Cache Backend Selection: Redis, S3, Qdrant
The org-shared cache uses a tiered backend architecture. Each tier stores a different kind of data with different access patterns, retention needs, and performance requirements. This guide helps you choose and configure the right backend for each tier based on your organization's scale, budget, and performance needs.
Use this page when
- You are choosing a cache backend (Redis, S3, Qdrant) for your deployment.
- You need to compare performance, cost, and operational characteristics of each backend option.
- You want to understand which backend suits your scale, latency requirements, and infrastructure constraints.
Primary audience
- Primary: AI Agents, Technical Engineers
- Secondary: Technical Leaders
Architecture Overview
The cache system uses four backend types, each serving a specific role:
| Backend | Role | Data Stored | Access Pattern |
|---|---|---|---|
| Redis/Valkey | Hot cache | Cache keys, metadata, lookup indexes | High frequency, low latency reads |
| S3/GCS | Artifact store | Full response payloads, generated content | Write-once, read-many |
| Qdrant | Vector store | Embedding vectors for semantic matching | Similarity search queries |
| PostgreSQL | Metadata | Entry lifecycle, ownership, audit trail | Transactional writes, indexed reads |
Redis/Valkey: Hot Cache Tier
Purpose
Redis stores the cache lookup index and frequently accessed metadata. When an agent queries the cache, Redis answers whether a match exists and where to find the full artifact. This must be fast — every cache lookup hits Redis first.
Performance Characteristics
- Read latency: Sub-millisecond for key lookups (p99 less than 2ms)
- Write latency: Sub-millisecond for key updates
- Throughput: 100,000+ operations per second per instance
- Data size: Keys and metadata only — typically 1–5 KB per entry
When to Use Redis
- Always.
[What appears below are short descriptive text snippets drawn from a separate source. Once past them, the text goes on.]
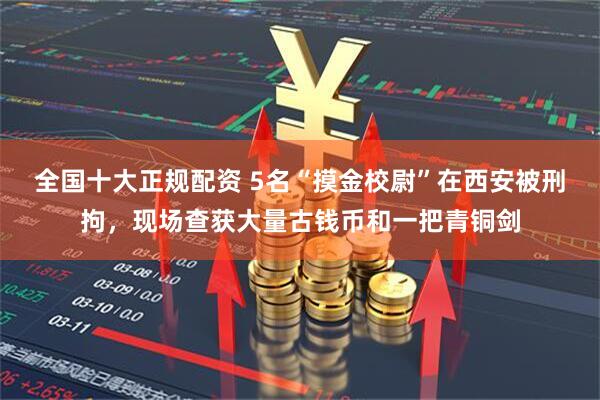 全国十大正规配资 5名“摸金校尉”在西安被刑拘，现场查获大量古钱币和一把青铜剑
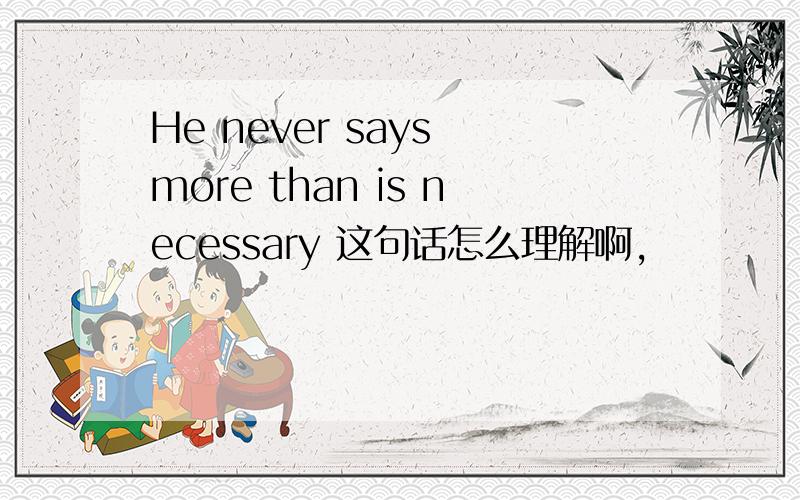 He never says more than is necessary 这句话怎么理解啊,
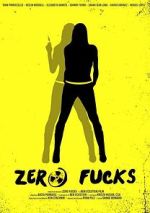 Watch Zero Fucks Movies123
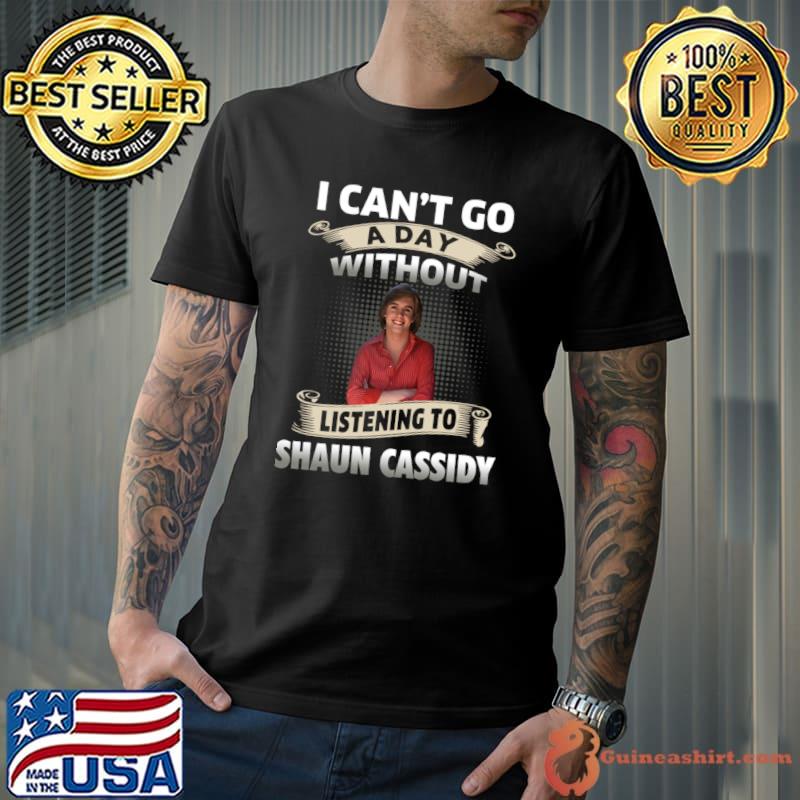 I can't go a day without listening to Shaun Cassidy T-Shirt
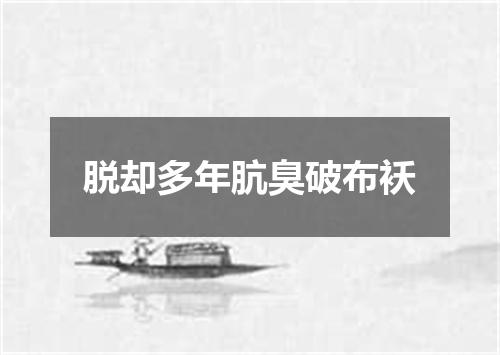 脱却多年肮臭破布袄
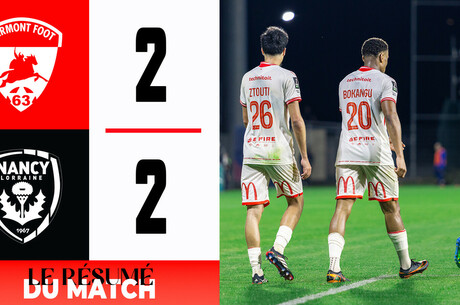J30 Ligue 2 BKT - Le résumé vidéo de Clermont - Nancy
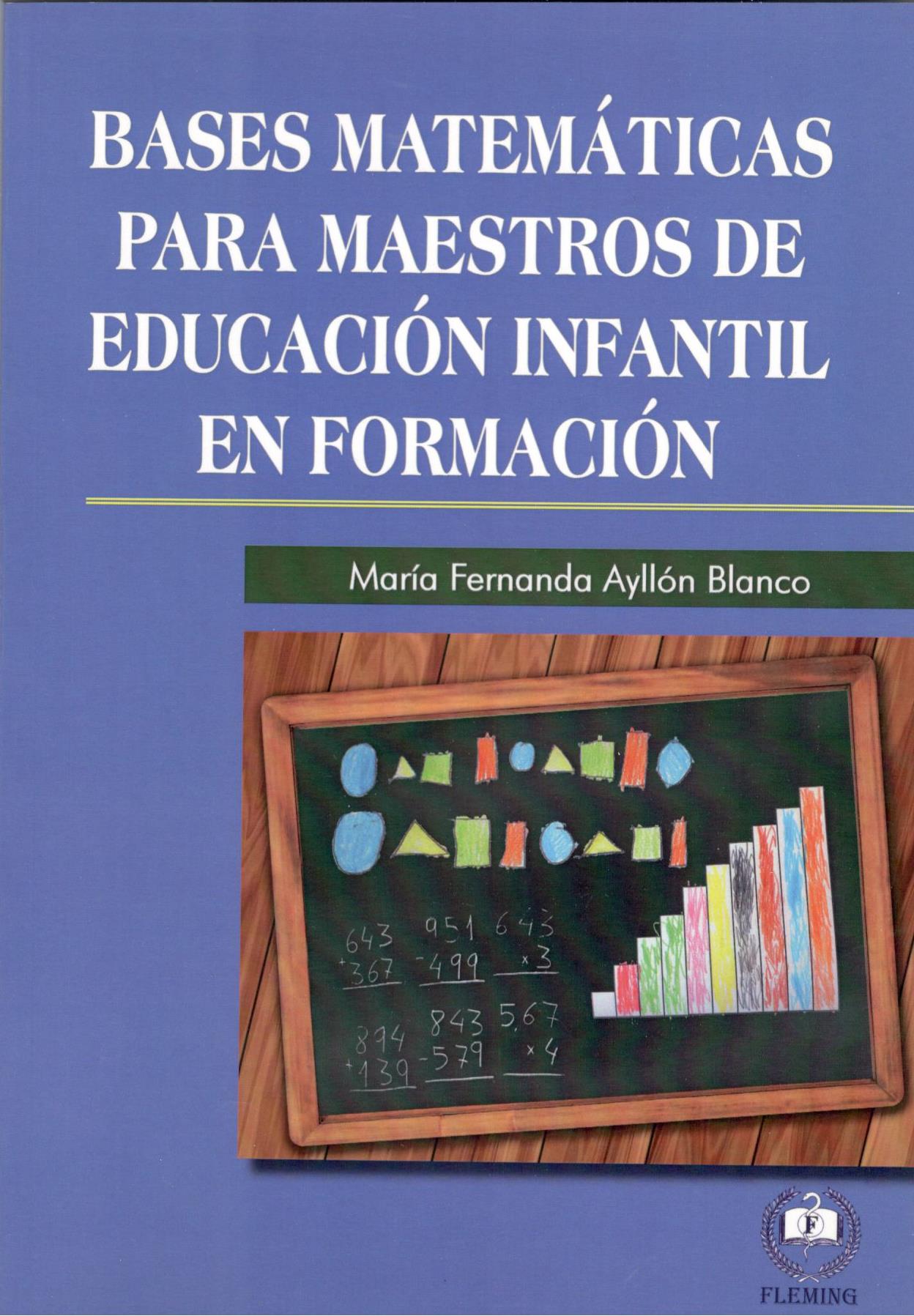 BASES MATEMATICAS PARA MAESTROS DE EDUCACION INFANTIL EN FORMACION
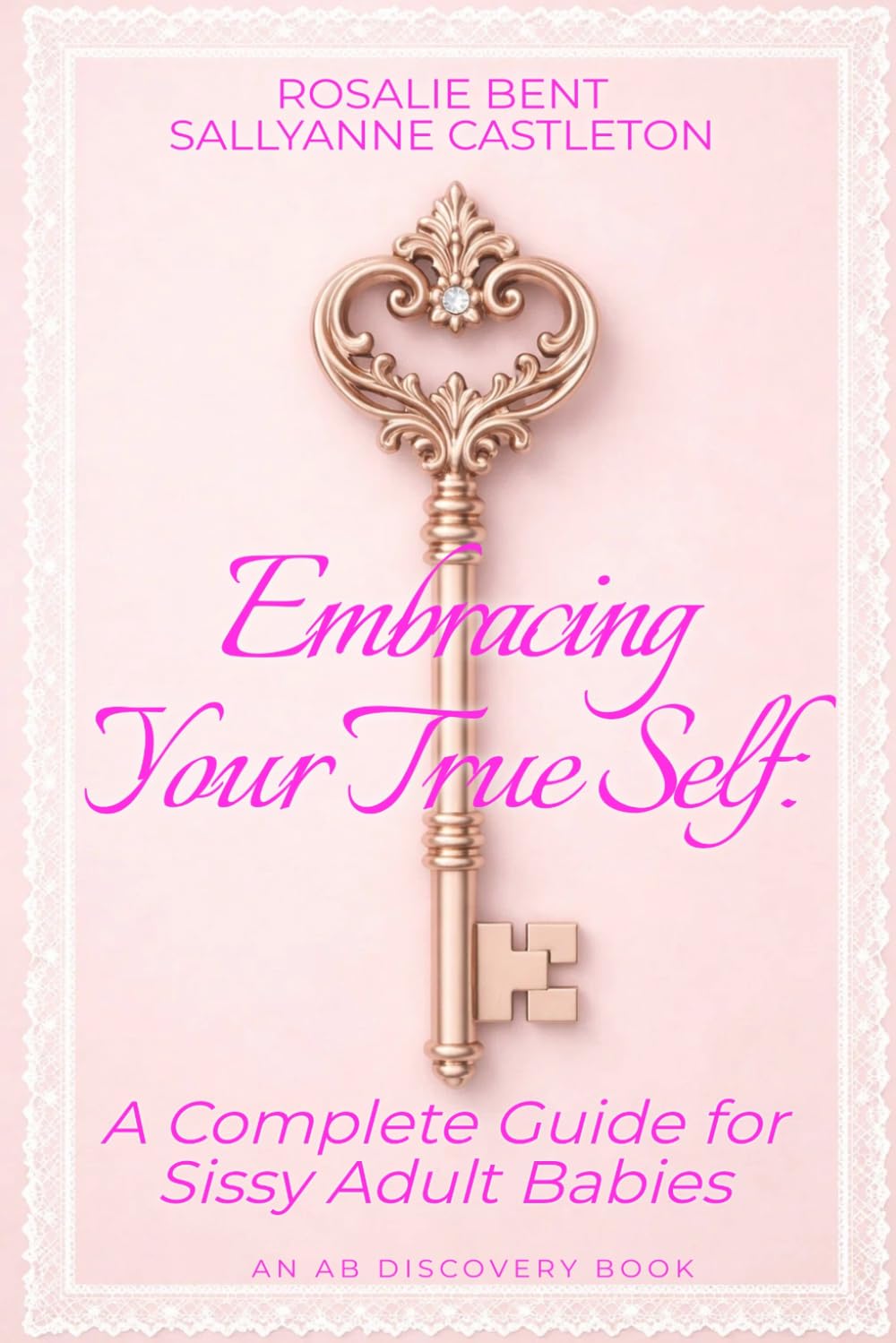 Embracing Your True Self: A Complete Guide for Sissy Adult Babies: An ABDL sissy baby guidebook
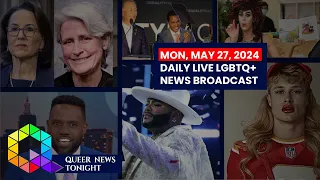 Mon, May 27, 2024 Daily LIVE LGBTQ+ News Broadcast | Queer News Tonight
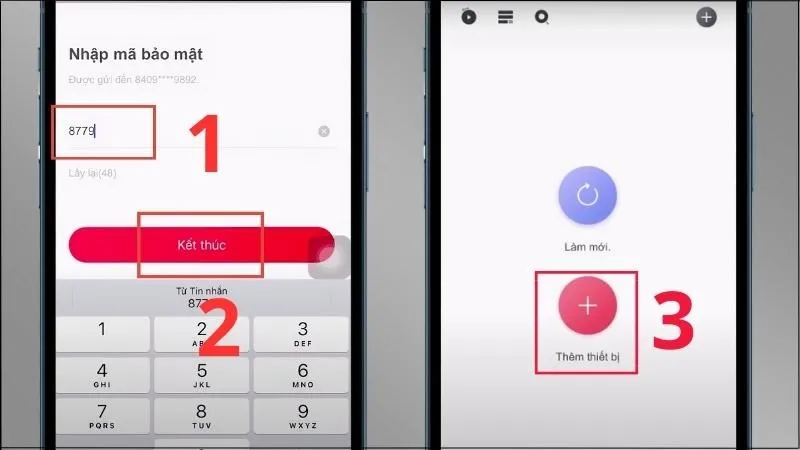 Nhập mã OTP > Chọn Kết thúc > Chọn Thêm thiết bị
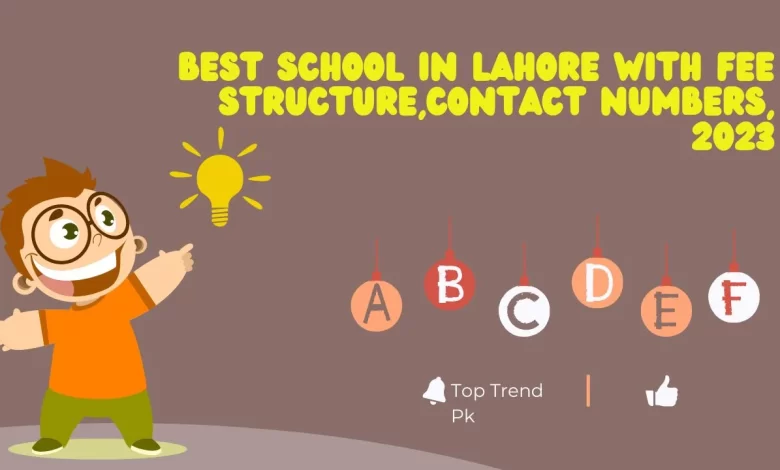 Best School In Lahore With Fee Structure,Contact Numbers, 2023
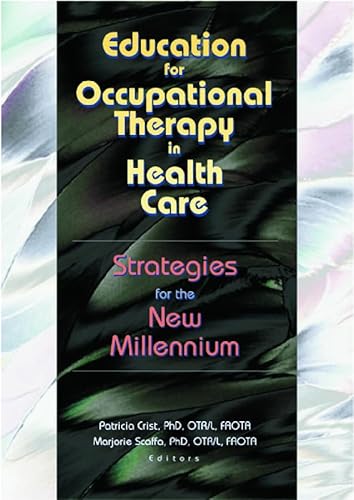 Stock image for Education for Occupational Therapy in Health Care for sale by Blackwell's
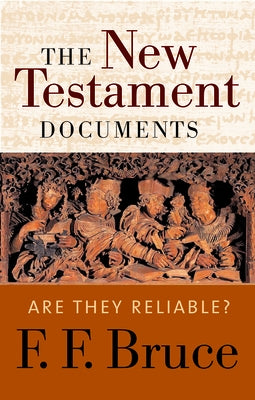 The New Testament Documents: Are They Reliable? by Bruce, F. F.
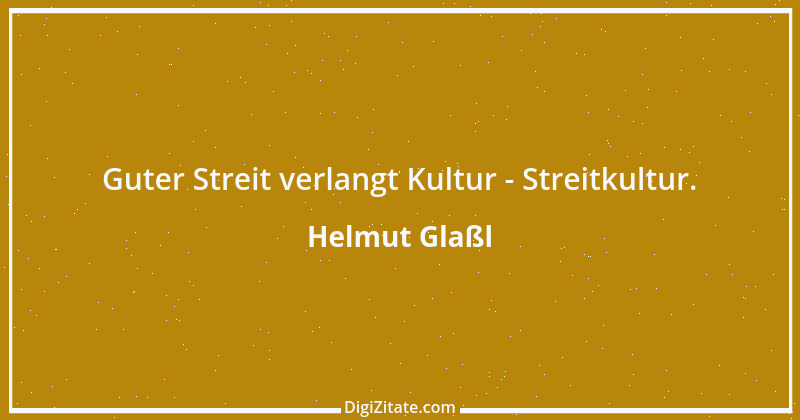 Zitat von Helmut Glaßl 15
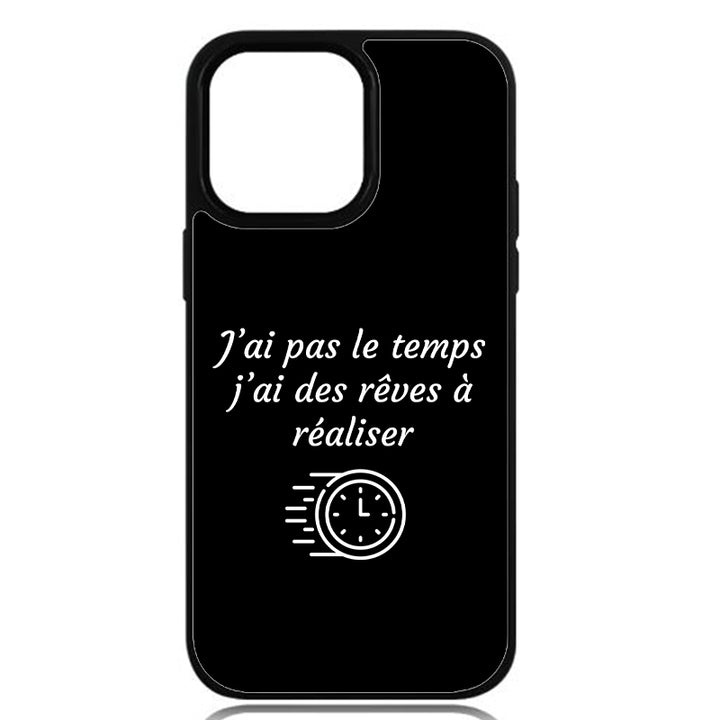 Coque J’ai pas le temps, j’ai des rêves à réaliser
Redis is required for the hot cache tier.
- Use Redis Cluster for deployments exceeding 25 GB of index data.
- Use Redis Sentinel for high availability without sharding needs.
When to Use Valkey
- Valkey is a drop-in Redis replacement with identical protocol support.
- Choose Valkey for fully open-source deployments without Redis licensing considerations.
- Performance characteristics are equivalent for cache workloads.
Sizing Guidelines
redis_memory = num_cache_entries × avg_key_size × 1.5 (overhead factor)
Typical values:
- 100,000 entries: ~750 MB
- 1,000,000 entries: ~7.5 GB
- 10,000,000 entries: ~75 GB (consider Redis Cluster)
Configuration
cache:
hot_tier:
backend: redis
url: redis://cache-redis:6379/0
max_connections: 50
read_timeout_ms: 10
write_timeout_ms: 20
key_prefix: "kt:cache:"
S3/GCS: Artifact Payload Store
Purpose
S3 (or GCS, MinIO, any S3-compatible store) holds the full artifact payloads — the actual cached responses, generated content, and associated file context. These are larger objects that do not need sub-millisecond access.
Performance Characteristics
- Read latency: 20–100ms (varies by region and object size)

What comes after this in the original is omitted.